Bodhendra Saraswathi was a 17th-century Hindu pontiff and the 59th Jagathguru (head) of the Kanchi matha, Kanchipuram, Tamil Nadu, India. He spent his later life in Govindapuram.

==Early life==
Bodhendra was born to Kesavapanduranga Yogi and Suguna in the beginning of 17th century (in the year 1610) at Kanchipuram, which was then headquarters of Kanchi matha. The couple did not have children for a long time and believed that they were blessed by the devotion to Viswakendra Saraswati (Athmabodhar), the 58th Jagathguru of the Kanchi Matha. The child was named Purushotaman by Viswakendra Saraswati.
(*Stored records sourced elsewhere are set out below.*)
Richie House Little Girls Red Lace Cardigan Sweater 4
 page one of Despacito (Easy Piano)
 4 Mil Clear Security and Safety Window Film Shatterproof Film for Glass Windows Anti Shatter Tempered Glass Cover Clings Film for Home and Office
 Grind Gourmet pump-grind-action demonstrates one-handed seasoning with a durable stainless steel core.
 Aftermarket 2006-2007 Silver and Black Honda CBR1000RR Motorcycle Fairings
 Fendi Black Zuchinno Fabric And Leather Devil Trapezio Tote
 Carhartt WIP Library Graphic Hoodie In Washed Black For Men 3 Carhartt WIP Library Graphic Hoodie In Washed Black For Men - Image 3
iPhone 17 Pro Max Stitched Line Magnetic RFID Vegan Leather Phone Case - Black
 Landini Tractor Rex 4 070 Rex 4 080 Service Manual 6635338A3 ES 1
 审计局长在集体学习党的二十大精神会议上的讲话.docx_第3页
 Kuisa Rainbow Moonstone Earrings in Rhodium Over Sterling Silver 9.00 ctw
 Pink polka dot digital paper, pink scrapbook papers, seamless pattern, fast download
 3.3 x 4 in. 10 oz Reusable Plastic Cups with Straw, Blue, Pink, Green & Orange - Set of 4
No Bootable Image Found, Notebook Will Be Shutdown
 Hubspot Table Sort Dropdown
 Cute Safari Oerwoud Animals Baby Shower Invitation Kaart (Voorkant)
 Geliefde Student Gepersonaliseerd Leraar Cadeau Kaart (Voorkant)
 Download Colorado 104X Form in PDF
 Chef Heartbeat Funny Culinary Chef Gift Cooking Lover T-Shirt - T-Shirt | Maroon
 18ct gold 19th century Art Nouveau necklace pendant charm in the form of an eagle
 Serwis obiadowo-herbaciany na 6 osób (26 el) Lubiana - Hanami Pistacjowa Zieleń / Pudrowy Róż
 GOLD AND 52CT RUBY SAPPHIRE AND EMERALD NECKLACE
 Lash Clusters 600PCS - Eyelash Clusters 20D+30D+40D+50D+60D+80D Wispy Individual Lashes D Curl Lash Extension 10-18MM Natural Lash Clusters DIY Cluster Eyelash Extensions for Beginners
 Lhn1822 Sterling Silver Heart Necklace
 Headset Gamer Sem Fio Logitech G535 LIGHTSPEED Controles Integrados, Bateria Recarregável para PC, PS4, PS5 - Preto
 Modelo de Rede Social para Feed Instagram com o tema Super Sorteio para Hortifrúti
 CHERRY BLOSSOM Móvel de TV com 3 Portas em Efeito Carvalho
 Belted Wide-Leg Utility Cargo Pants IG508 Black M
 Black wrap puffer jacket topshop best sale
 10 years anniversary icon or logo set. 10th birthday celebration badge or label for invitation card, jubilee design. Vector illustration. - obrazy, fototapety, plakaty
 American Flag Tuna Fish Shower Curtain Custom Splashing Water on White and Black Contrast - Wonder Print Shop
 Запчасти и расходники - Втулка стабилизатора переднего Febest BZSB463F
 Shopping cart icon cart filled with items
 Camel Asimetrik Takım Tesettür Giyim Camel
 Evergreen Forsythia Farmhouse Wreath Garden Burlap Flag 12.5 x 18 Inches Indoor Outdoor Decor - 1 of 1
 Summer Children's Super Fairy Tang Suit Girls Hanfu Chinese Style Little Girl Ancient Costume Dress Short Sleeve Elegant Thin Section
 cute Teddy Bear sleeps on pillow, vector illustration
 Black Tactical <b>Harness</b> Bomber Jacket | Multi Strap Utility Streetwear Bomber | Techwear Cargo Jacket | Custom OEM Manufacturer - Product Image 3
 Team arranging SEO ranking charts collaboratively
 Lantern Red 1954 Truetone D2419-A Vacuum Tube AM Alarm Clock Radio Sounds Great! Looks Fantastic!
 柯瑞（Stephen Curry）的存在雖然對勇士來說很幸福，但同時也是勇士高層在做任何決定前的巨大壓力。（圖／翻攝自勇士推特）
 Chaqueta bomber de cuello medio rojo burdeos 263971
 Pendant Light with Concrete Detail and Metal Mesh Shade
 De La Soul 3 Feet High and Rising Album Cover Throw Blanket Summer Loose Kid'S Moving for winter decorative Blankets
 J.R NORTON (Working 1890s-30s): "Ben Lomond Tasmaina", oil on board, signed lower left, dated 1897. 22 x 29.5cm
Seeing the qualities and potential of the child, the jagadguru Sri Viswakendra Saraswati requested his parents to hand over the child to the Kanchi Matha with the hope of making the child succeed him. The parents willingly gave the child to this religious center of Vedic learning. The child attained mastery over Sruti and the Smriti. It gradually dawned on him that nama sankeerthanam (chanting of Lord Rama's name) would fetter the cycles of death and birth in Kali Yuga. He chanted Rama nama (the name of Lord Rama) one thousand times every day.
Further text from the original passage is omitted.